Problem to work on =>
Begin at the line below that has "Moto Guzzi V85 TT (2024 - 26) (17)" and stop after the line that has "Eladó családi ház, Sombereken". Please restate only those lines, word for word.

Data supplied =>
········
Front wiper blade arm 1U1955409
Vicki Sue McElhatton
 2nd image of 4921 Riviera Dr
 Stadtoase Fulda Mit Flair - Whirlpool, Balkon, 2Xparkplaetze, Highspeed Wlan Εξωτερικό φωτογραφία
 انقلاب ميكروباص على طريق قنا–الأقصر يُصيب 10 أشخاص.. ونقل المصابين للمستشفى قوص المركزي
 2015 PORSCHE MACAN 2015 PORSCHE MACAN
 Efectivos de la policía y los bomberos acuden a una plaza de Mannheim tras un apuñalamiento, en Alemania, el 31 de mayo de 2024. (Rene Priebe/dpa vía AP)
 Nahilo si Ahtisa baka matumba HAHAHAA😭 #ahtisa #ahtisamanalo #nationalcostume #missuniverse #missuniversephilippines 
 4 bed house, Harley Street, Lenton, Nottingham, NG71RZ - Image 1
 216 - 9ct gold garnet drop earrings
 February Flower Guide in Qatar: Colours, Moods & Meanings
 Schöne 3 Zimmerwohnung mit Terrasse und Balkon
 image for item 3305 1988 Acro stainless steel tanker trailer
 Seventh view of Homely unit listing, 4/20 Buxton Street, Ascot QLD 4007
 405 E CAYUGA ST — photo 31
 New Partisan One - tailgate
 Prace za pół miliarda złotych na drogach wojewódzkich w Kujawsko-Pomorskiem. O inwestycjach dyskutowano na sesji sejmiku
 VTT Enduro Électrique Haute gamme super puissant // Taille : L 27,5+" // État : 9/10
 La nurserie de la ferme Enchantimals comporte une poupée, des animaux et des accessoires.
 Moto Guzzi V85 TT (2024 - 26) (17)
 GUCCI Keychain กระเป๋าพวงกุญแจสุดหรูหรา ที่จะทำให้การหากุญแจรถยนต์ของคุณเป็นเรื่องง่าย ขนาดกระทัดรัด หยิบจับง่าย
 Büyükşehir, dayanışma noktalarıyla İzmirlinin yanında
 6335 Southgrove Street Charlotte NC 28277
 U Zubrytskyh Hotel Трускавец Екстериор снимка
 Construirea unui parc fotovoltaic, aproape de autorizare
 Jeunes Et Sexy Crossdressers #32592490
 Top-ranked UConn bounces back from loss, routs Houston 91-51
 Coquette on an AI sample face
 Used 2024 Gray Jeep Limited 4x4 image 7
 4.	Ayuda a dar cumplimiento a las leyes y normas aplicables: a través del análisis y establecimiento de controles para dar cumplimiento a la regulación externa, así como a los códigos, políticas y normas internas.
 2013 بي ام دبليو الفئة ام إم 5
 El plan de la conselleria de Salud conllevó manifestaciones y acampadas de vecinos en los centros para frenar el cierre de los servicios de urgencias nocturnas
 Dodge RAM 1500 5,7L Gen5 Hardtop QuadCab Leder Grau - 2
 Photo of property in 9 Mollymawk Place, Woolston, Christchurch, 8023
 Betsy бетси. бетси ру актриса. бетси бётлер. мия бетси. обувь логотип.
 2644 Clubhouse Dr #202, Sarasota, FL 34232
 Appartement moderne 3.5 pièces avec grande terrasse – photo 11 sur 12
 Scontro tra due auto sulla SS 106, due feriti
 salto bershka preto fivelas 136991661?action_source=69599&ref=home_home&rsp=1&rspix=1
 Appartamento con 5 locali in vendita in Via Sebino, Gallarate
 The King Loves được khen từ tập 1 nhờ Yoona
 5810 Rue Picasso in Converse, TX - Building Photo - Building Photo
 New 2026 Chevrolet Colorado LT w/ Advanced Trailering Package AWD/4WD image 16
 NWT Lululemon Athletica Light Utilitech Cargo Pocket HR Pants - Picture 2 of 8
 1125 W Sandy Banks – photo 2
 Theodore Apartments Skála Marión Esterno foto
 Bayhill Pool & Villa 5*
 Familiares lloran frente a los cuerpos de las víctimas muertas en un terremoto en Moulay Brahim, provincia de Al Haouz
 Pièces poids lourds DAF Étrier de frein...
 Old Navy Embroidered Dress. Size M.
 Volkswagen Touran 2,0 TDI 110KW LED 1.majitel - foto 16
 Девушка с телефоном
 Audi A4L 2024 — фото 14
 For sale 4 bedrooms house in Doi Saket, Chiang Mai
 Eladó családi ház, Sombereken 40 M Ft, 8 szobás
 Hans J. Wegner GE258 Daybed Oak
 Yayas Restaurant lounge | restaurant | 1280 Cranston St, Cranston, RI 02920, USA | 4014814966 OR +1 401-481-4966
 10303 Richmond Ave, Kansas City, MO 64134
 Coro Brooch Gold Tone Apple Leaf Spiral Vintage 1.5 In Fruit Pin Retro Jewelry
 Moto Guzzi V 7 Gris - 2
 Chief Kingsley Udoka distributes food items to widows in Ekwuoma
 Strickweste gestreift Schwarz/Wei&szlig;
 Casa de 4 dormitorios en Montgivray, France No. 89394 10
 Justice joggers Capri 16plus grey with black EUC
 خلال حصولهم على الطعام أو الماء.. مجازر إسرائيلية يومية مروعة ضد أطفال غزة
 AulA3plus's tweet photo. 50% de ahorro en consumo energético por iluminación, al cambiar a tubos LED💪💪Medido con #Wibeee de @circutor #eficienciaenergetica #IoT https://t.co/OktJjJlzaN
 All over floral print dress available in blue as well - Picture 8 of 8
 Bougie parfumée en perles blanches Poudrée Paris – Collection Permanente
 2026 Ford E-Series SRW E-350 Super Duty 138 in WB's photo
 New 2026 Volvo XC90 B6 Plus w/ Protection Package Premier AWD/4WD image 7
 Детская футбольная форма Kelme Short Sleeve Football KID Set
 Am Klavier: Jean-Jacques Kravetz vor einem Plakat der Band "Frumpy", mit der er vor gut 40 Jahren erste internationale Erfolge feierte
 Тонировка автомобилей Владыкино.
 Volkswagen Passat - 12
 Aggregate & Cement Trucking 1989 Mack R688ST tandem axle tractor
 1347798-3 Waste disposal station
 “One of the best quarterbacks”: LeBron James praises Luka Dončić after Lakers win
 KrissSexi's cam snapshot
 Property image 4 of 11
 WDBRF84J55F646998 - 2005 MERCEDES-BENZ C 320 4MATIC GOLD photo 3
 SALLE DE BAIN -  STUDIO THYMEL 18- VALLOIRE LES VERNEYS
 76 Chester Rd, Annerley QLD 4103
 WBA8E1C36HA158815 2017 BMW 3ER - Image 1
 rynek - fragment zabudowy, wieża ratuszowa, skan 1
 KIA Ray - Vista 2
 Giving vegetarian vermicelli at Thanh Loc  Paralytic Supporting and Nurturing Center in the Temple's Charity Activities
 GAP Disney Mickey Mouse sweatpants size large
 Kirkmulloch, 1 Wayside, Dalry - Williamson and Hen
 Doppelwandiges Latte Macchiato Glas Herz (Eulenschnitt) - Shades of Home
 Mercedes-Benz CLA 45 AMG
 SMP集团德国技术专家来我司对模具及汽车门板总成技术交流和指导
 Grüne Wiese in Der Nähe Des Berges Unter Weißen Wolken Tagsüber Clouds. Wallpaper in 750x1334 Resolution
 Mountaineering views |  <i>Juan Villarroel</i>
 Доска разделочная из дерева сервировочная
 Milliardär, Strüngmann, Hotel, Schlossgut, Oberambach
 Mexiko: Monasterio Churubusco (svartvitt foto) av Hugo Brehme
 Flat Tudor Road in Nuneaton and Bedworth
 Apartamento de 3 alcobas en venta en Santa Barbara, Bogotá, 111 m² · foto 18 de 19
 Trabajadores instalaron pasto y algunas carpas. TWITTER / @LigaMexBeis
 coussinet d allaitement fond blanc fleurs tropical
········
Result =>
 Moto Guzzi V85 TT (2024 - 26) (17)
 GUCCI Keychain กระเป๋าพวงกุญแจสุดหรูหรา ที่จะทำให้การหากุญแจรถยนต์ของคุณเป็นเรื่องง่าย ขนาดกระทัดรัด หยิบจับง่าย
 Büyükşehir, dayanışma noktalarıyla İzmirlinin yanında
 6335 Southgrove Street Charlotte NC 28277
 U Zubrytskyh Hotel Трускавец Екстериор снимка
 Construirea unui parc fotovoltaic, aproape de autorizare
 Jeunes Et Sexy Crossdressers #32592490
 Top-ranked UConn bounces back from loss, routs Houston 91-51
 Coquette on an AI sample face
 Used 2024 Gray Jeep Limited 4x4 image 7
 4.	Ayuda a dar cumplimiento a las leyes y normas aplicables: a través del análisis y establecimiento de controles para dar cumplimiento a la regulación externa, así como a los códigos, políticas y normas internas.
 2013 بي ام دبليو الفئة ام إم 5
 El plan de la conselleria de Salud conllevó manifestaciones y acampadas de vecinos en los centros para frenar el cierre de los servicios de urgencias nocturnas
 Dodge RAM 1500 5,7L Gen5 Hardtop QuadCab Leder Grau - 2
 Photo of property in 9 Mollymawk Place, Woolston, Christchurch, 8023
 Betsy бетси. бетси ру актриса. бетси бётлер. мия бетси. обувь логотип.
 2644 Clubhouse Dr #202, Sarasota, FL 34232
 Appartement moderne 3.5 pièces avec grande terrasse – photo 11 sur 12
 Scontro tra due auto sulla SS 106, due feriti
 salto bershka preto fivelas 136991661?action_source=69599&ref=home_home&rsp=1&rspix=1
 Appartamento con 5 locali in vendita in Via Sebino, Gallarate
 The King Loves được khen từ tập 1 nhờ Yoona
 5810 Rue Picasso in Converse, TX - Building Photo - Building Photo
 New 2026 Chevrolet Colorado LT w/ Advanced Trailering Package AWD/4WD image 16
 NWT Lululemon Athletica Light Utilitech Cargo Pocket HR Pants - Picture 2 of 8
 1125 W Sandy Banks – photo 2
 Theodore Apartments Skála Marión Esterno foto
 Bayhill Pool & Villa 5*
 Familiares lloran frente a los cuerpos de las víctimas muertas en un terremoto en Moulay Brahim, provincia de Al Haouz
 Pièces poids lourds DAF Étrier de frein...
 Old Navy Embroidered Dress. Size M.
 Volkswagen Touran 2,0 TDI 110KW LED 1.majitel - foto 16
 Девушка с телефоном
 Audi A4L 2024 — фото 14
 For sale 4 bedrooms house in Doi Saket, Chiang Mai
 Eladó családi ház, Sombereken 40 M Ft, 8 szobás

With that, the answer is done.